What you need to know before you get a new pet


Are your kids begging you for a pet this April school vacation? It could be a great thing for your family.

It may teach them responsibility and a lesson on caring for another living thing.

You also need to ask yourself are your kids mature enough and will they follow through on taking care of the new pet?

Connie Kile from the Providence Animal Rescue League joined The Rhode Show Wednesday to offer some advice.

Tips on Helping Kids & Pets Live Harmoniously

Many parents will be faced with the inevitable request from their kids: Can we get a pet? If you determine that your family is in a position to take on the responsibility for a cat, dog, bird, guinea pig, rabbit or other animal, here’s some tips on why it may be a good idea and how to make the addition an easy one!
Where to get a pet? Try the Adoption Option
Adopting a pet who needs a new home is a great way to illustrate to kids that circumstances are sometimes beyond our control, even if we’ve done everything “right.” While a cat or dog may not have been a good fit for his former family, he’s getting a second chance at love with yours. Opting to save a life is a valuable lesson to learn at a young age. Do research together on what type of pet would be best for your family.

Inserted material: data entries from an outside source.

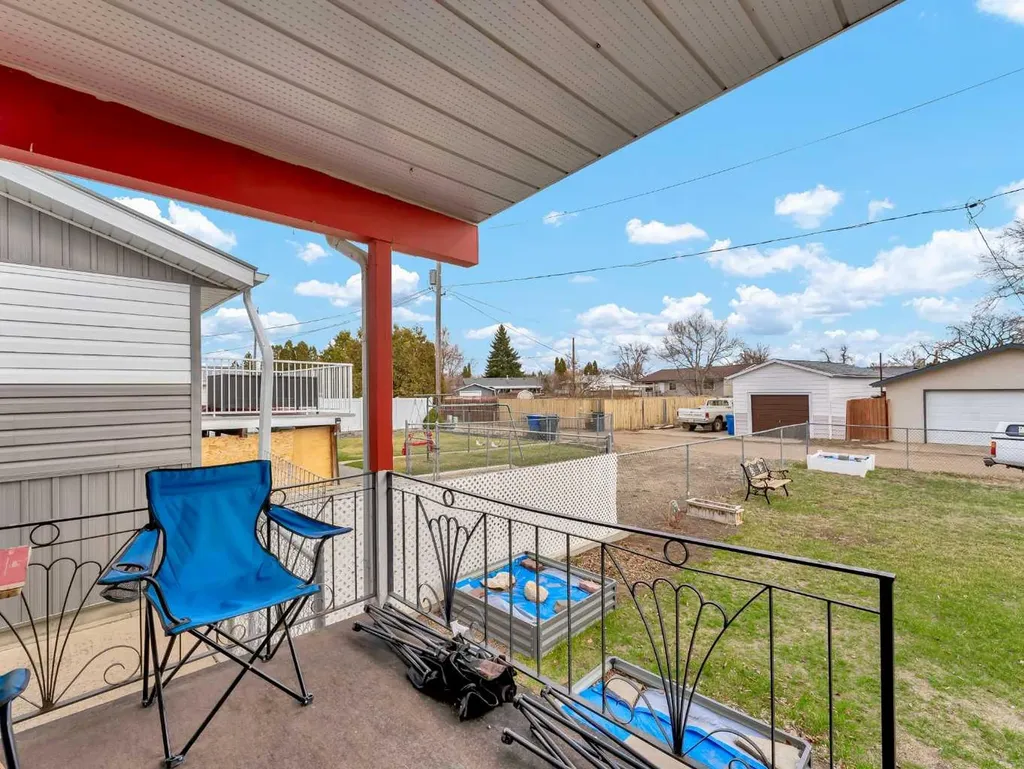 561 12 Street NW Medicine Hat AB T1A6R3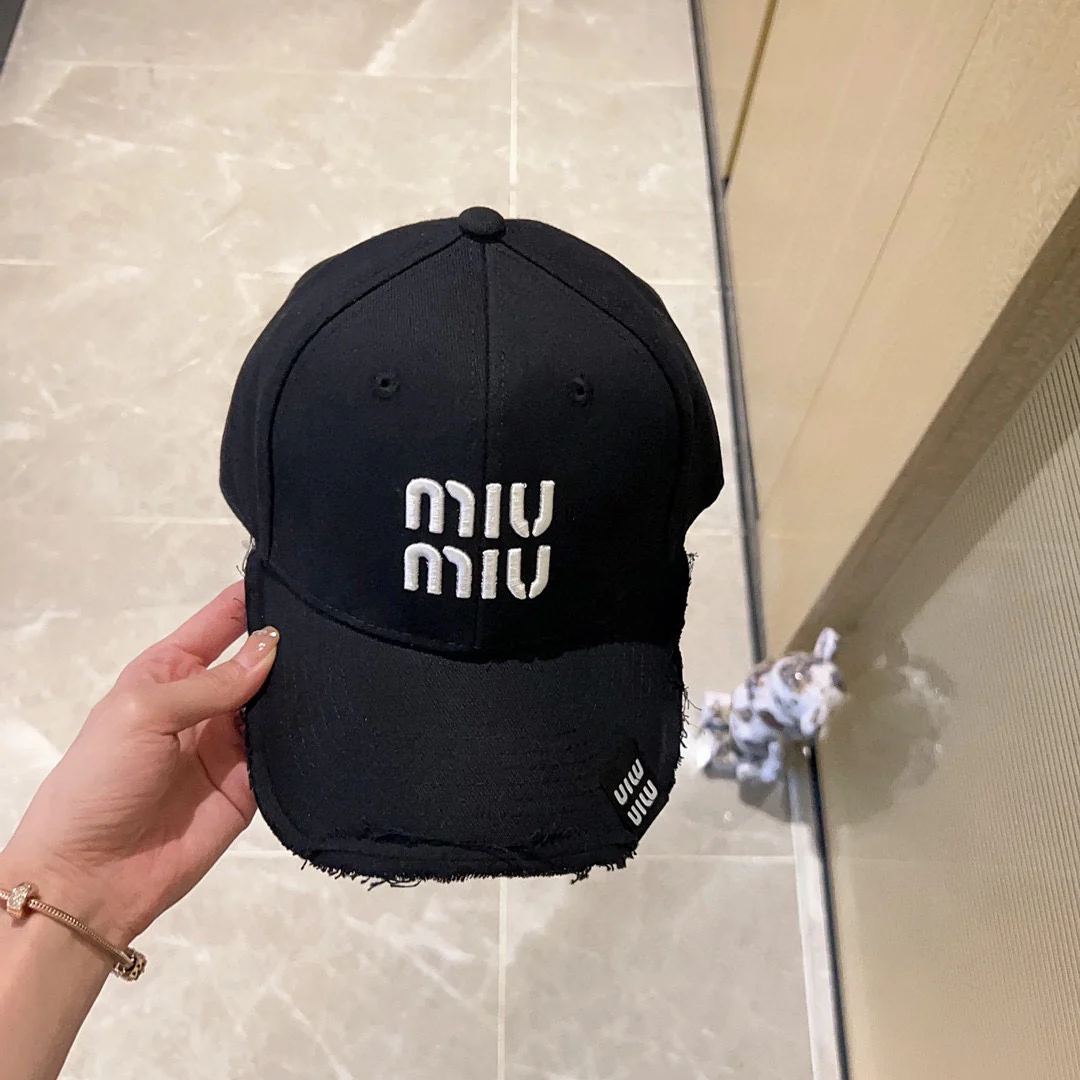 Новая бейсболка Miu Miu 2023 с вышивкой и рваными элементами - черная.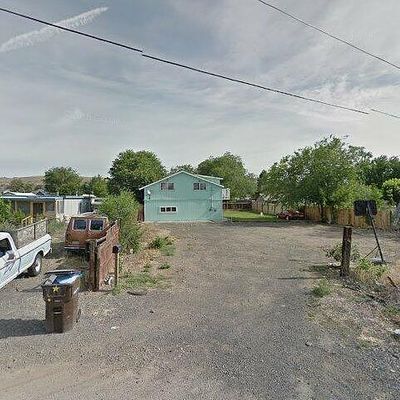 2505 Swan Ave, Yakima, WA 98902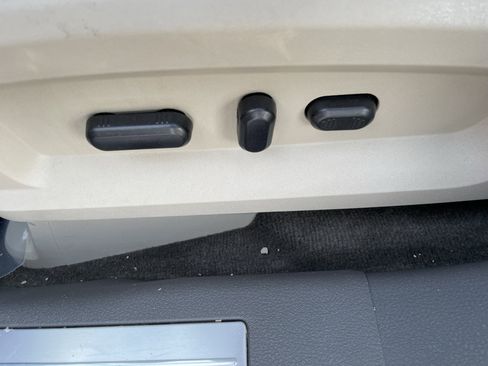 Used 2013 Ford Edge Limited image 14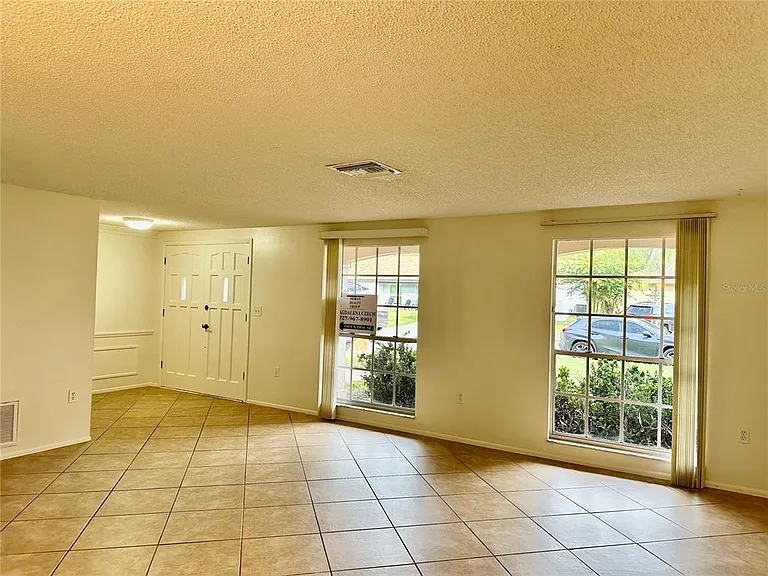 12217 Buttonwood Row — Photo 5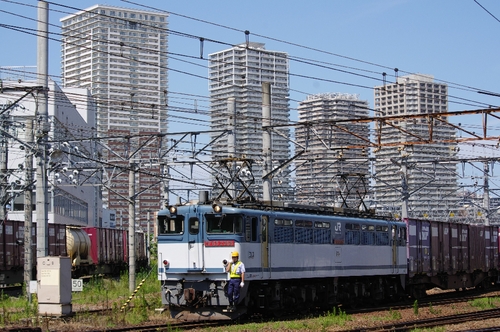 f0203926_2215799.jpg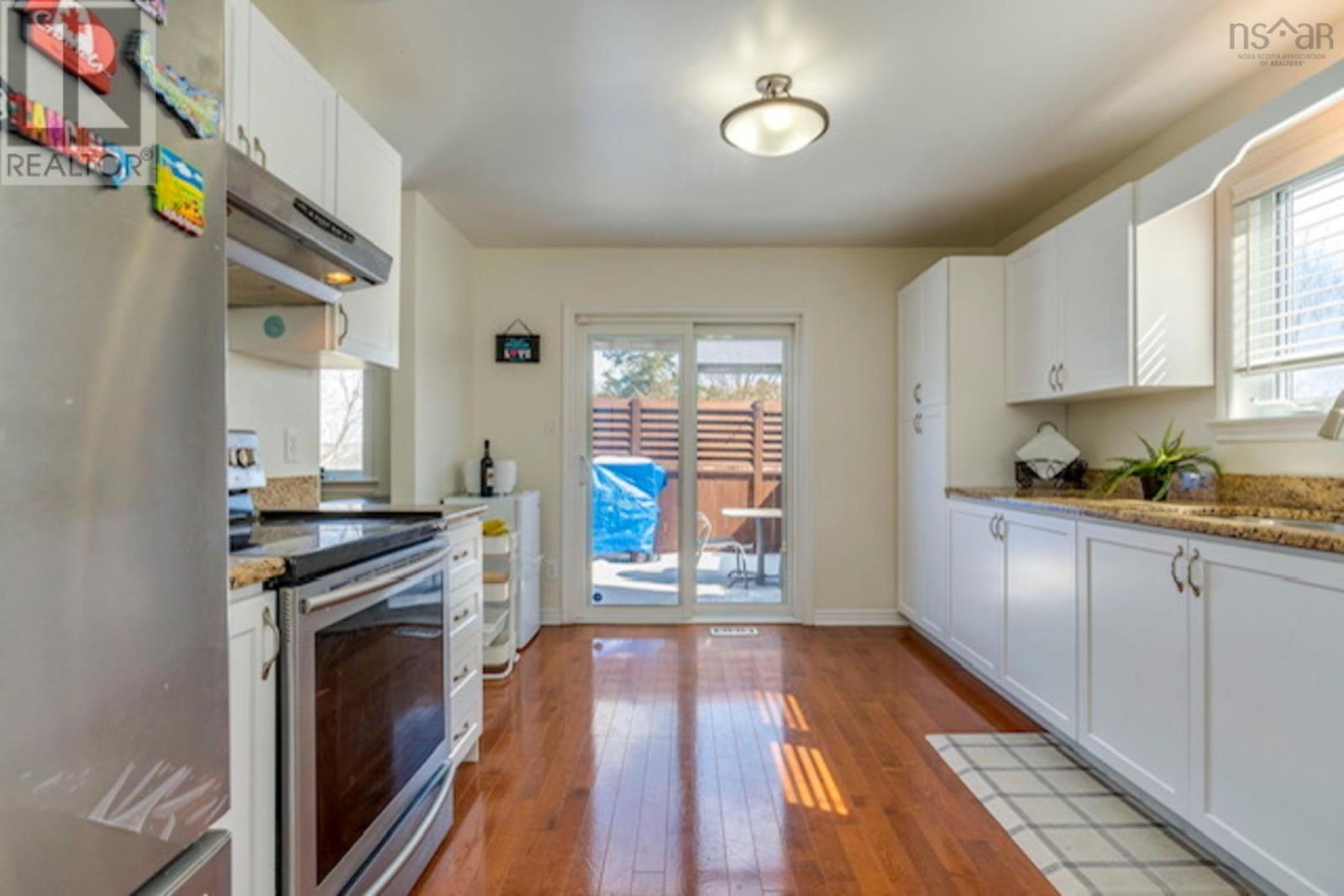 Property 18 of 50 of 68 Royal Masts Way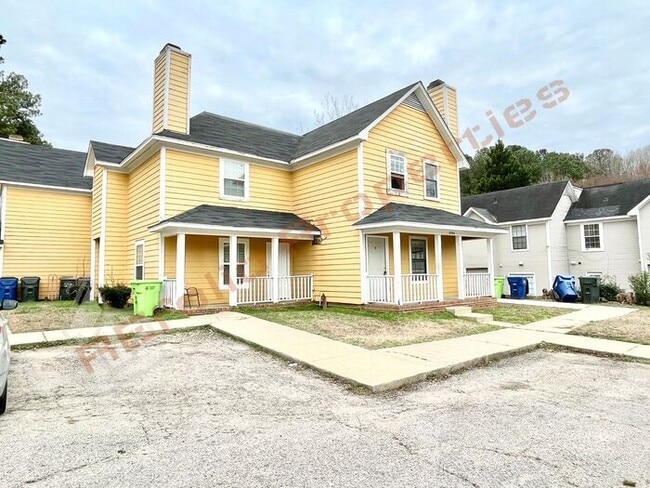 Building Photo - Carpetless 2 BD 1.5 Bath 2 Story Quadplex ... Rental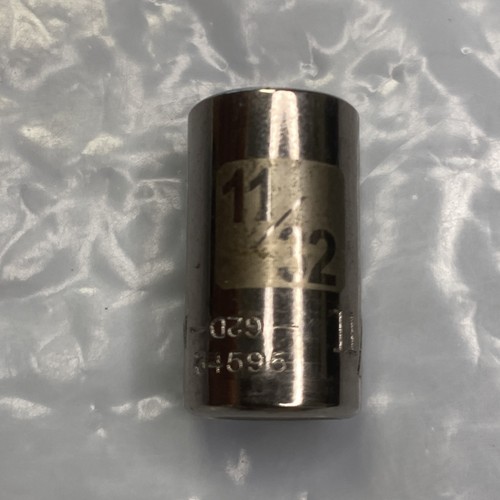 CRAFTSMAN USA 11/32, 1/4 DRIVE, 6 POINT SOCKET G2D 34595 EASY READ - Picture 2 of 8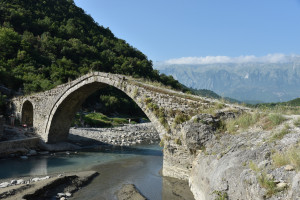 Osmanische Bogenbrücke bei den Quellen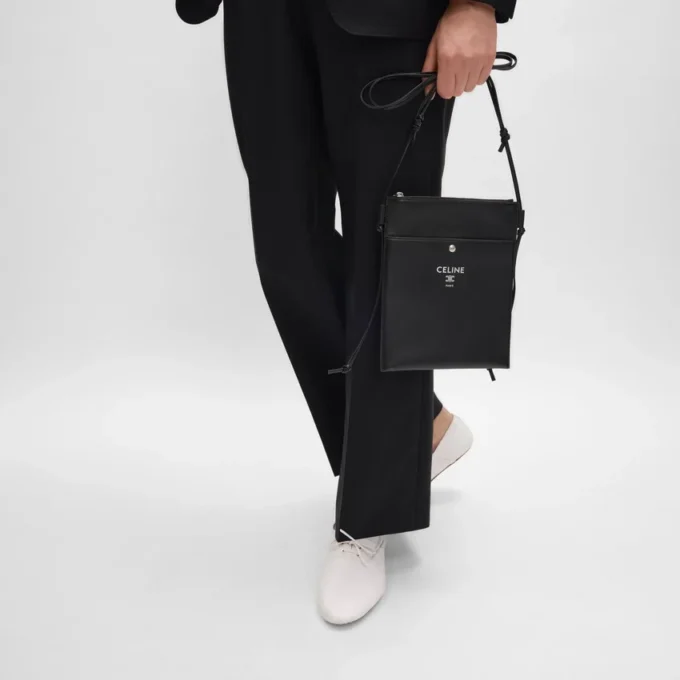 Sharp Pouch Take Away in Smooth Lambskin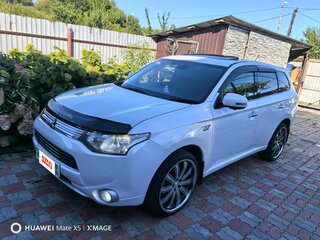 2013 Mitsubishi Outlander PHEV III, белый, 1530000 рублей, вид 1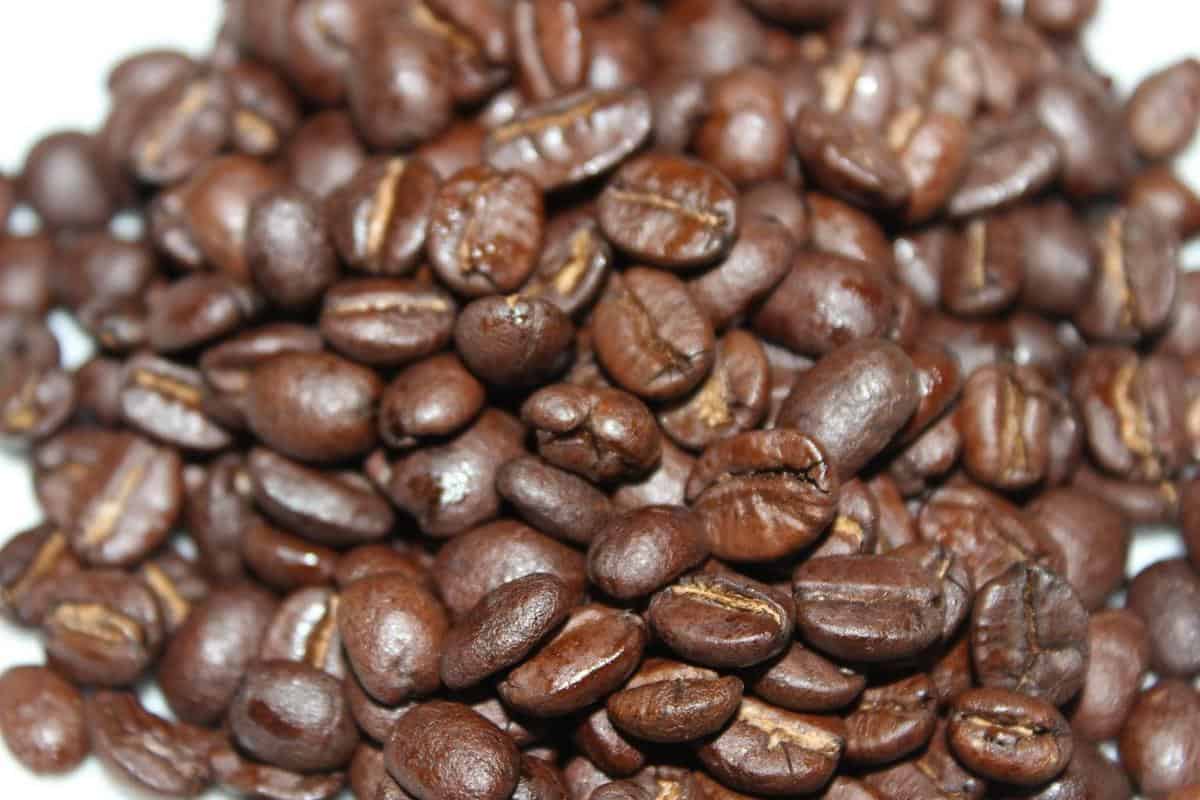 Step-by-step guide on how to roast coffee beans at home for a rich and flavorful brew
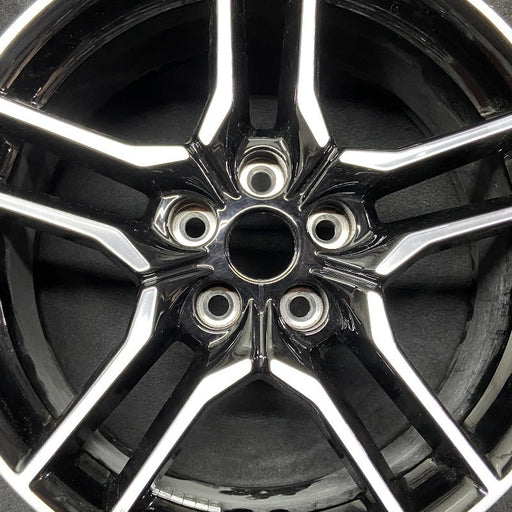 18" MUSTANG 18-23 18x8 , 10 spoke Original OEM Wheel Rim - Angle View
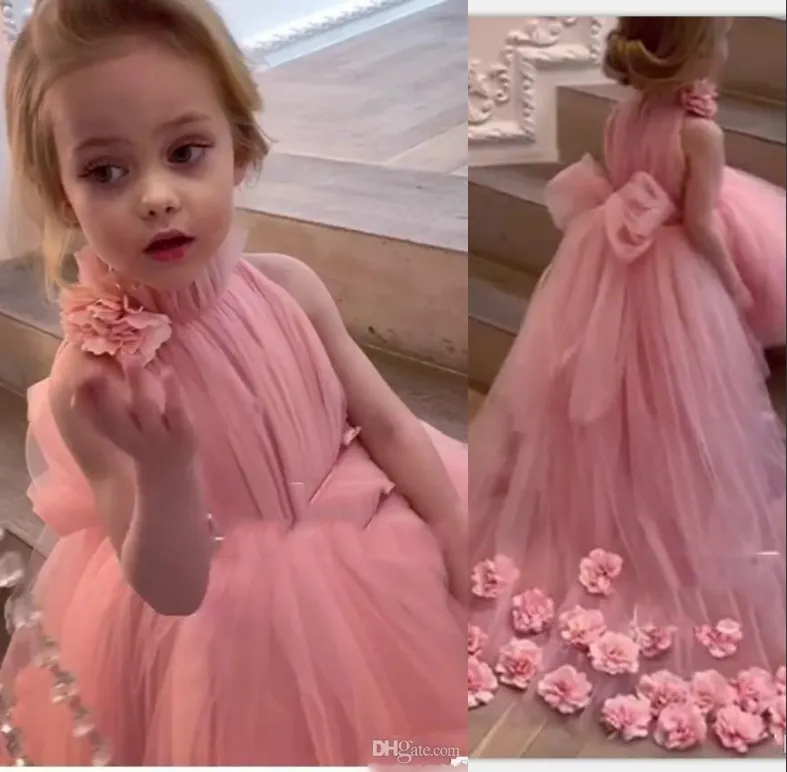 2020 Lovely Pink Flower Girls Dresses Princess High Neck Hand Made Flowers Tulle Sleeveless Big Bow Kids Birthday Girls Pageant Gowns Wear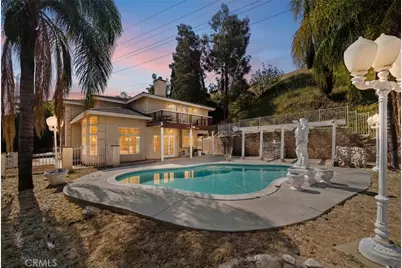 1677 Laurelwood Avenue, Colton, CA 92324 - Photo 3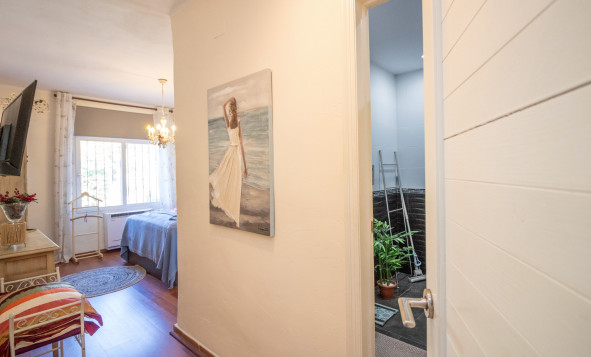 Herverkoop - 4. Halfvrijstaande villa - Villamartin - Costa Blanca Zuid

Parents are primary caretakers
If you’re getting a cat or a dog for your children, it’s unrealistic to expect the kiddies to do all the work. No matter how mature your child is, he will need help handling the daily needs of a cat or dog. Sometimes a pet that requires a little less maintenance, like a hamster or a fish, may be a more suitable option.

Supervision is key
Supervision is needed at all times between children and pets. Young children may unwittingly mishandle or hurt puppies and kittens, who are particularly vulnerable to being injured. On the other hand, baby animals may have needle-sharp nails and teeth that can hurt children. Being present will provide you the opportunity to teach all involved how to interact with each other in a respectful and loving way.

Teach “Gentle” at an early age
You can never start too early to teach your child what a “gentle” touch is and where they can and cannot touch an animal. Hold your babies hands to stroke a pet. Teach them that “hugs” are for humans not for pets. With time and patience, pets can learn that these little humans are okay and mean well.

Create a family schedule
Creating a schedule is a great way to get the family involved in your pet’s care and ensure that no one forgets to walk the dog or feed the cat. It will also help foster a positive bonding relationships between your new furry friend and everyone in the house.

Become a foster family
Feel hesitant about adopting? If so, consider fostering a shelter animal in your home first. This allows for a test run and lets you figure out whether a new animal will click with your kids or another pet. Shelters are always in need of families who can share their home temporarily with an animal in need of a week or two of care.